PROVIDED MATERIAL:
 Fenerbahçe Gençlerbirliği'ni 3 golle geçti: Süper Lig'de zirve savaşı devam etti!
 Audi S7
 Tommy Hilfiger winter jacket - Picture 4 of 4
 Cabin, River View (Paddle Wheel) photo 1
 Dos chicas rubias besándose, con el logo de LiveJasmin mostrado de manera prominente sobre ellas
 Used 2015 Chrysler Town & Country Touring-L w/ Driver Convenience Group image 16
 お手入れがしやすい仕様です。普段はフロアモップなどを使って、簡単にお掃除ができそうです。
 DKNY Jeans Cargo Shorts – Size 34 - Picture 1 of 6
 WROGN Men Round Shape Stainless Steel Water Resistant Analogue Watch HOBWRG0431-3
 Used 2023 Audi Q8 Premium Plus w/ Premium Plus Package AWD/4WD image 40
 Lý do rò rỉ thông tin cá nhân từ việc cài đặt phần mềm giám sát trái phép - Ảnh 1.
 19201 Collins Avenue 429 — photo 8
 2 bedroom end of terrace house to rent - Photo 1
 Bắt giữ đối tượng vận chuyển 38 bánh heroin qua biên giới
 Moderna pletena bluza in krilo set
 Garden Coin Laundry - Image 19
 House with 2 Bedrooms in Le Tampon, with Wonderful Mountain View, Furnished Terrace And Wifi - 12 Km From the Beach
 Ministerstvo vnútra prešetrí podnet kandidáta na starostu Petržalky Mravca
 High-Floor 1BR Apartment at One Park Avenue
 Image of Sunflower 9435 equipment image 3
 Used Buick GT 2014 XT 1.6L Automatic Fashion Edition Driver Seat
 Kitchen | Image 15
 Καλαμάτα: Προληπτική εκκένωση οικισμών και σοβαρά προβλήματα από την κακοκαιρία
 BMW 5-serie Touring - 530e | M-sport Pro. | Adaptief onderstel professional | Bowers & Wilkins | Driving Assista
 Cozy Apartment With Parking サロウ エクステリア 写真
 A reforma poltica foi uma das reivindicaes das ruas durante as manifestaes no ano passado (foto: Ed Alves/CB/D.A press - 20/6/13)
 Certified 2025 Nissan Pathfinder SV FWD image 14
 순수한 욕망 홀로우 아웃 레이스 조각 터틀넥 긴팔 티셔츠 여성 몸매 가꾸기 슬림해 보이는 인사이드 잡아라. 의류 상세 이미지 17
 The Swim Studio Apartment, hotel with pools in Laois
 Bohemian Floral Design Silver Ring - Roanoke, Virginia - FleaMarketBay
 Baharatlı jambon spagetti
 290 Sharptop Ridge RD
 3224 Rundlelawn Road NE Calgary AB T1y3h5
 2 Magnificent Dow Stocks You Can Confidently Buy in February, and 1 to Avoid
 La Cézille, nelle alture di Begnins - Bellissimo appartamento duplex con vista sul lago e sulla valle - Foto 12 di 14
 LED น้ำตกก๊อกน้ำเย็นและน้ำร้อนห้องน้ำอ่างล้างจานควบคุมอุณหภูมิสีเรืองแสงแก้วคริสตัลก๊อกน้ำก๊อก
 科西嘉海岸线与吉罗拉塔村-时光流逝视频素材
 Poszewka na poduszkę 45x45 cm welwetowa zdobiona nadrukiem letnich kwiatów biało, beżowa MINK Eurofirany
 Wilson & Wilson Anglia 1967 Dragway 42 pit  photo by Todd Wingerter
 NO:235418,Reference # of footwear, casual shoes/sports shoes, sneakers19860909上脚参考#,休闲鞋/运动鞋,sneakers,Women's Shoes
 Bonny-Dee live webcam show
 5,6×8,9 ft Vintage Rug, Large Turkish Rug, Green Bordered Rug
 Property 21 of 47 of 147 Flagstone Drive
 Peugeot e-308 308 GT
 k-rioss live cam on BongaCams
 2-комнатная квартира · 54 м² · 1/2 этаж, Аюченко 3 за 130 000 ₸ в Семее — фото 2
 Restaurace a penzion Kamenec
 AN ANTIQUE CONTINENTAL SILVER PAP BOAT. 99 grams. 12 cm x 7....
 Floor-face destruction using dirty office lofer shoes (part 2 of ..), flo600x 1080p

TASK TO COMPLETE:
All lines in the material are to be returned exactly.

ANSWER FOR THIS EXERCISE:
 Fenerbahçe Gençlerbirliği'ni 3 golle geçti: Süper Lig'de zirve savaşı devam etti!
 Audi S7
 Tommy Hilfiger winter jacket - Picture 4 of 4
 Cabin, River View (Paddle Wheel) photo 1
 Dos chicas rubias besándose, con el logo de LiveJasmin mostrado de manera prominente sobre ellas
 Used 2015 Chrysler Town & Country Touring-L w/ Driver Convenience Group image 16
 お手入れがしやすい仕様です。普段はフロアモップなどを使って、簡単にお掃除ができそうです。
 DKNY Jeans Cargo Shorts – Size 34 - Picture 1 of 6
 WROGN Men Round Shape Stainless Steel Water Resistant Analogue Watch HOBWRG0431-3
 Used 2023 Audi Q8 Premium Plus w/ Premium Plus Package AWD/4WD image 40
 Lý do rò rỉ thông tin cá nhân từ việc cài đặt phần mềm giám sát trái phép - Ảnh 1.
 19201 Collins Avenue 429 — photo 8
 2 bedroom end of terrace house to rent - Photo 1
 Bắt giữ đối tượng vận chuyển 38 bánh heroin qua biên giới
 Moderna pletena bluza in krilo set
 Garden Coin Laundry - Image 19
 House with 2 Bedrooms in Le Tampon, with Wonderful Mountain View, Furnished Terrace And Wifi - 12 Km From the Beach
 Ministerstvo vnútra prešetrí podnet kandidáta na starostu Petržalky Mravca
 High-Floor 1BR Apartment at One Park Avenue
 Image of Sunflower 9435 equipment image 3
 Used Buick GT 2014 XT 1.6L Automatic Fashion Edition Driver Seat
 Kitchen | Image 15
 Καλαμάτα: Προληπτική εκκένωση οικισμών και σοβαρά προβλήματα από την κακοκαιρία
 BMW 5-serie Touring - 530e | M-sport Pro. | Adaptief onderstel professional | Bowers & Wilkins | Driving Assista
 Cozy Apartment With Parking サロウ エクステリア 写真
 A reforma poltica foi uma das reivindicaes das ruas durante as manifestaes no ano passado (foto: Ed Alves/CB/D.A press - 20/6/13)
 Certified 2025 Nissan Pathfinder SV FWD image 14
 순수한 욕망 홀로우 아웃 레이스 조각 터틀넥 긴팔 티셔츠 여성 몸매 가꾸기 슬림해 보이는 인사이드 잡아라. 의류 상세 이미지 17
 The Swim Studio Apartment, hotel with pools in Laois
 Bohemian Floral Design Silver Ring - Roanoke, Virginia - FleaMarketBay
 Baharatlı jambon spagetti
 290 Sharptop Ridge RD
 3224 Rundlelawn Road NE Calgary AB T1y3h5
 2 Magnificent Dow Stocks You Can Confidently Buy in February, and 1 to Avoid
 La Cézille, nelle alture di Begnins - Bellissimo appartamento duplex con vista sul lago e sulla valle - Foto 12 di 14
 LED น้ำตกก๊อกน้ำเย็นและน้ำร้อนห้องน้ำอ่างล้างจานควบคุมอุณหภูมิสีเรืองแสงแก้วคริสตัลก๊อกน้ำก๊อก
 科西嘉海岸线与吉罗拉塔村-时光流逝视频素材
 Poszewka na poduszkę 45x45 cm welwetowa zdobiona nadrukiem letnich kwiatów biało, beżowa MINK Eurofirany
 Wilson & Wilson Anglia 1967 Dragway 42 pit  photo by Todd Wingerter
 NO:235418,Reference # of footwear, casual shoes/sports shoes, sneakers19860909上脚参考#,休闲鞋/运动鞋,sneakers,Women's Shoes
 Bonny-Dee live webcam show
 5,6×8,9 ft Vintage Rug, Large Turkish Rug, Green Bordered Rug
 Property 21 of 47 of 147 Flagstone Drive
 Peugeot e-308 308 GT
 k-rioss live cam on BongaCams
 2-комнатная квартира · 54 м² · 1/2 этаж, Аюченко 3 за 130 000 ₸ в Семее — фото 2
 Restaurace a penzion Kamenec
 AN ANTIQUE CONTINENTAL SILVER PAP BOAT. 99 grams. 12 cm x 7....
 Floor-face destruction using dirty office lofer shoes (part 2 of ..), flo600x 1080p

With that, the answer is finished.